Quando vivia clandestino, junto com Luci, no sertão das Alagoas, à época do regime militar, passou por nossa cidade, Santana do Ipanema, frei Damião. Tido como santo, desde o meio da madrugada a comandar procissões, tinha também a fama de “ler” o pensamento dos fiéis e antecipar o futuro. Pior: quem fosse ao confessionário e ocultasse algum pecado (não apenas atos, mas também maus pensamentos) pagaria caríssimo: repreensão em regra, em voz alta para que todos ouvissem, e a penitência de incontáveis Pai Nossos e Ave Marias.
Complicada essa coisa de adivinhar e prever. E polêmica. Um ex-professor de Harvard, hoje professor emérito de psicologia social da Universidade Cornell, em Nova York, Daryl J. Bem, divulgou artigo no prestigiado "Journal of Personality and Social Psychology" dando conta de um estudo feito com 1.100 voluntários que tentaram adivinhar o futuro.
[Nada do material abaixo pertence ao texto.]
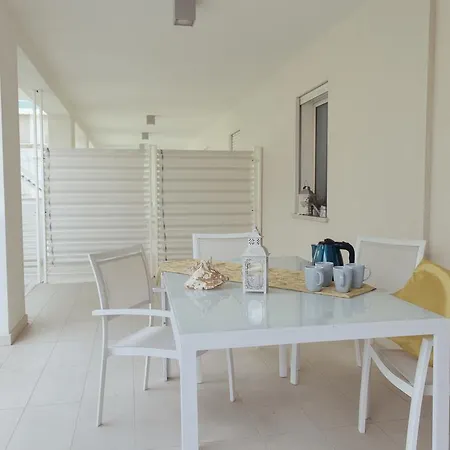 Aparthotel Millecento 3*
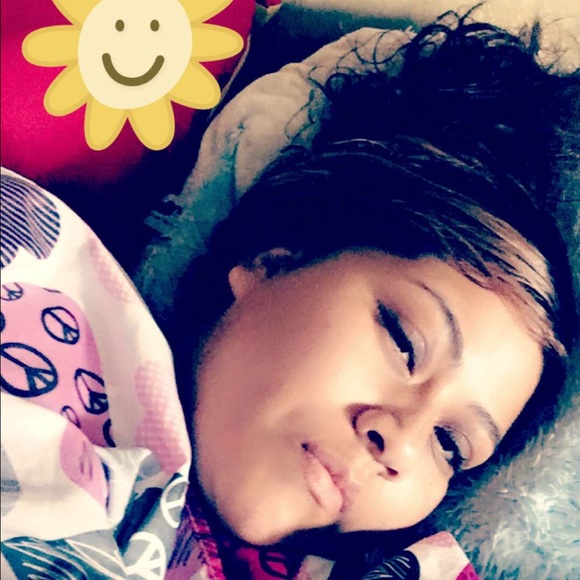 Meet your Posher, Eva - Picture 1 of 1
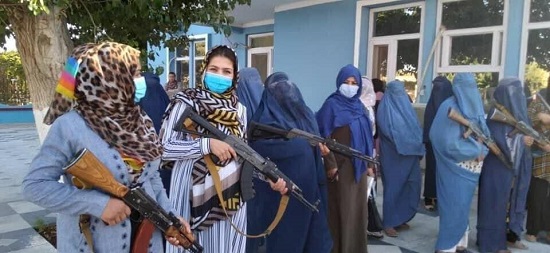 زنان افغان در شهر مزار شریف مسلح شدند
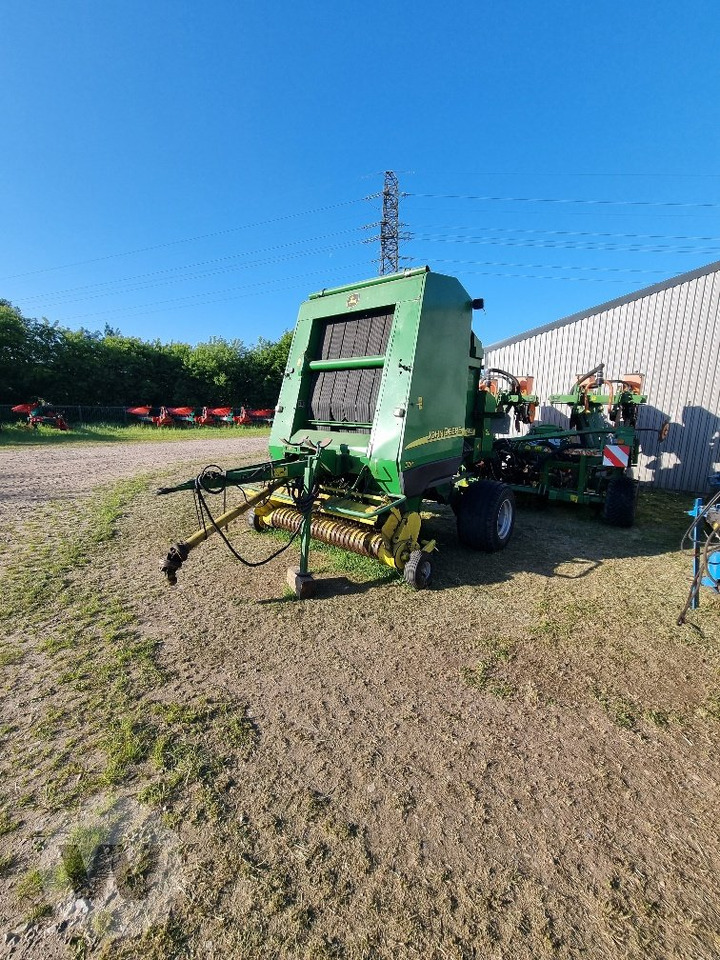 John Deere 592 - Round baler: picture 1 John Deere 592 - Round baler: picture 1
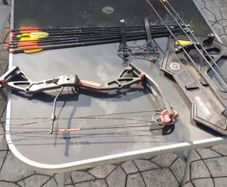 Compound Bow Archery 25'' Like New, 10 Extra Arrows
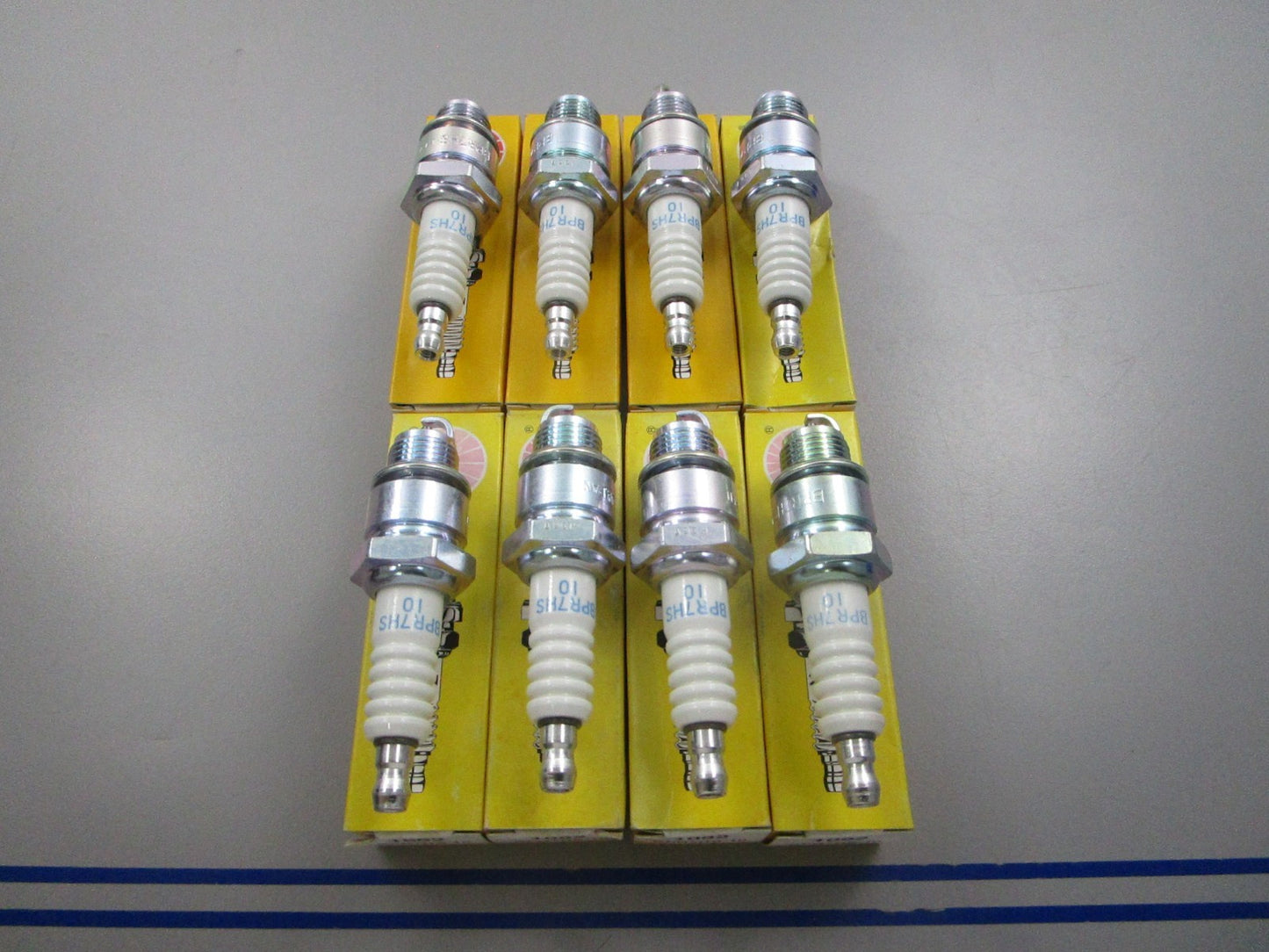 NEW (LOT OF 8) BPR7HS-10 NGK Spark Plug 0810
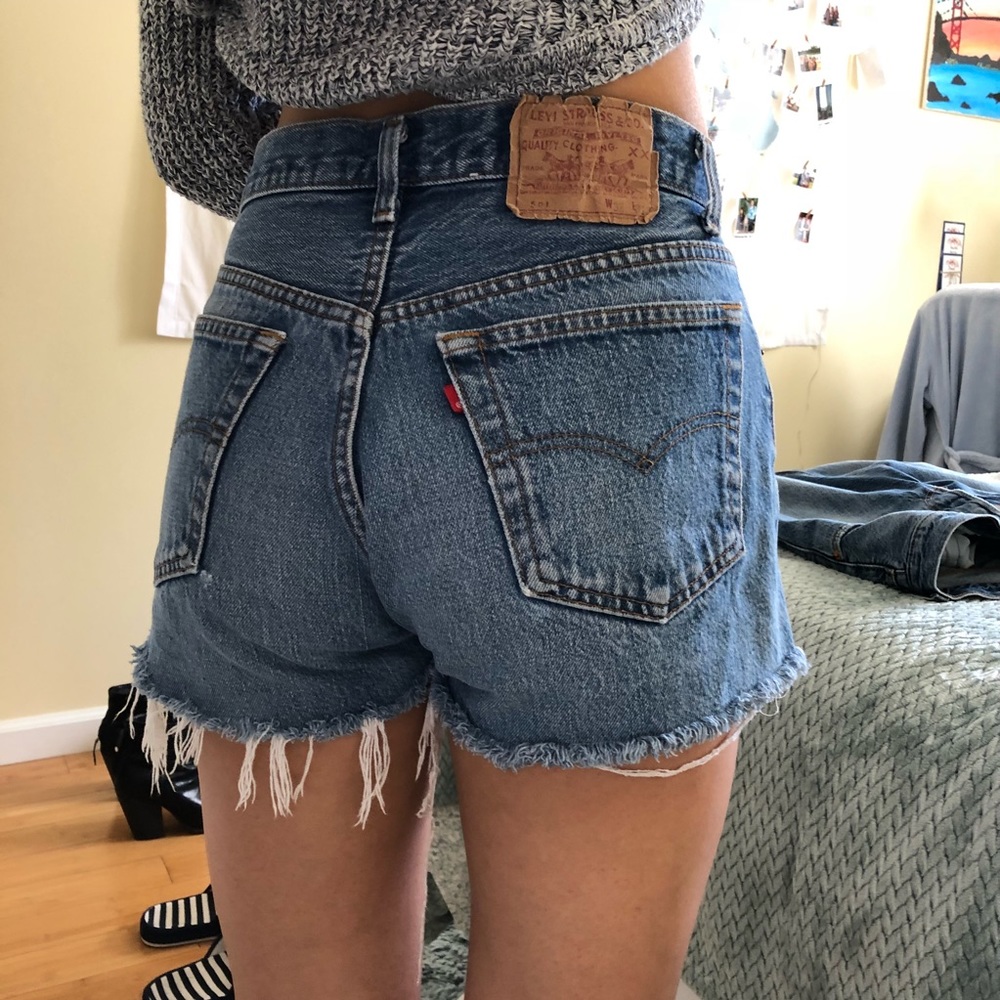 Levi's Vintage 501 Cutoff Jean Shorts - Picture 2 of 7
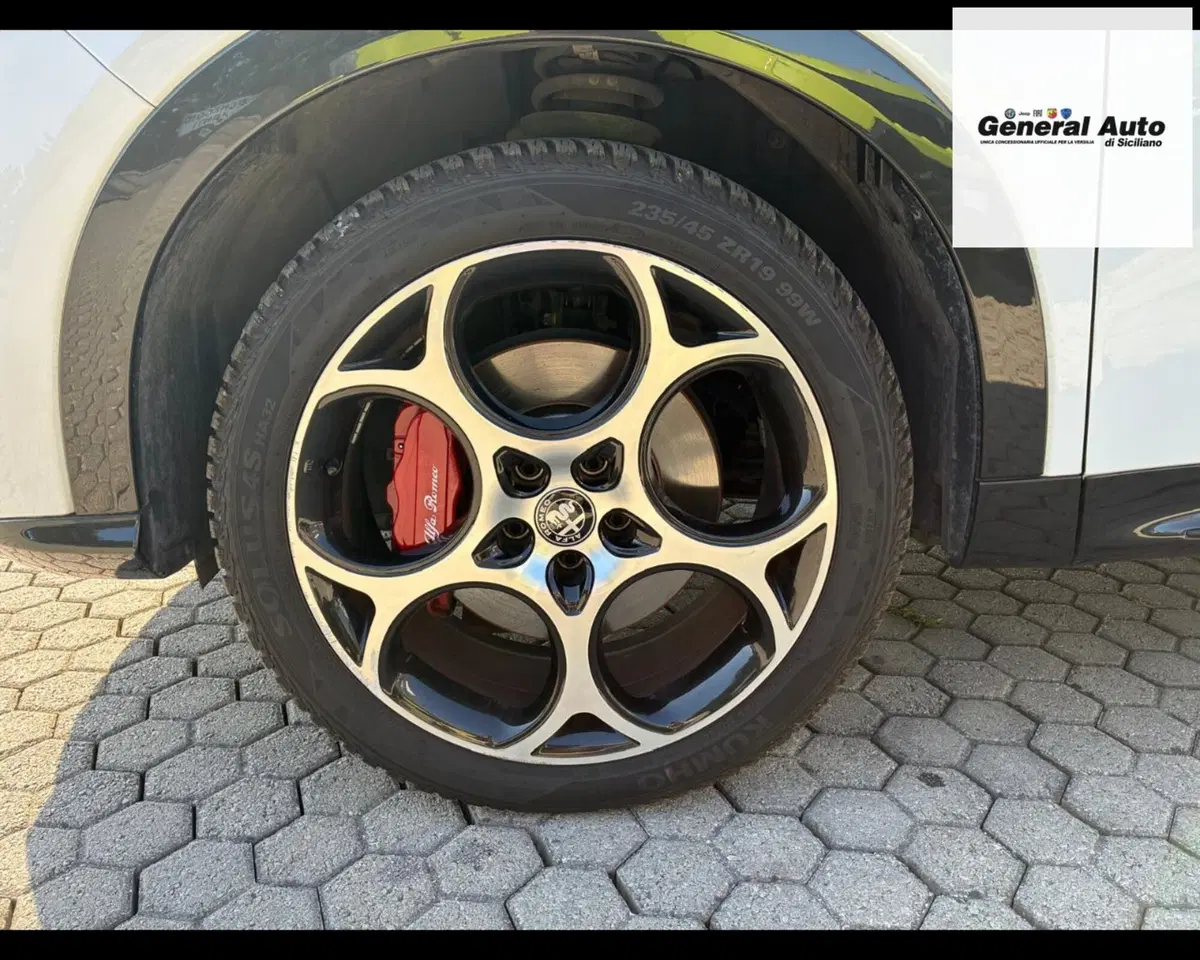 Alfa Romeo Tonale usata a Lucca (9)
Percepção extrassensorial (PES) é o atributo desses voluntários, isto é, a capacidade de pressentir o que está para acontecer.
Causou a maior balbúrdia. Cientistas de diversos naipes protestaram veementemente contra o que lhes parece ser a vulgarização da ciência – eufemismo para charlatanice. Ou as duas coisas, pois os tais voluntários fizeram mesmo foi dar palpites sobre se uma fotografia vai aparecer do lado esquerdo ou direito da tela do computador ou descobrir onde está a imagem erótica (sic). Quem acertou mais vezes ganhou o status de dotado de premonição.
Sei não, o problema foge em muito à minha compreensão, mas que valeria a pena selecionar uma turma dessas e submete-la a uma agenda de previsões de acontecimentos importantes para a vida de todos nós. Numa lista se anotaria as coisas boas que estão para acontecer, noutra as coisas ruins. E se constituiria um fórum internacional destinado a indicar as providências necessárias que para vingassem só as boas, evitando-se ou amainando-se ao máximo possível as consequências das coisas ruins.
Mudaria algo? Muito pouco, talvez. O acirramento das contradições sociais, por exemplo, poderiam ser previstas – mas aí uns tratariam de aproveitá-las em favor da ruptura com status quo, enquanto outros cuidariam de preservar seus privilégios e interesses. Donde o polêmico pesquisador ianque poderia concluir: há premonição, sim; porém nada impede que a roda da História se mova.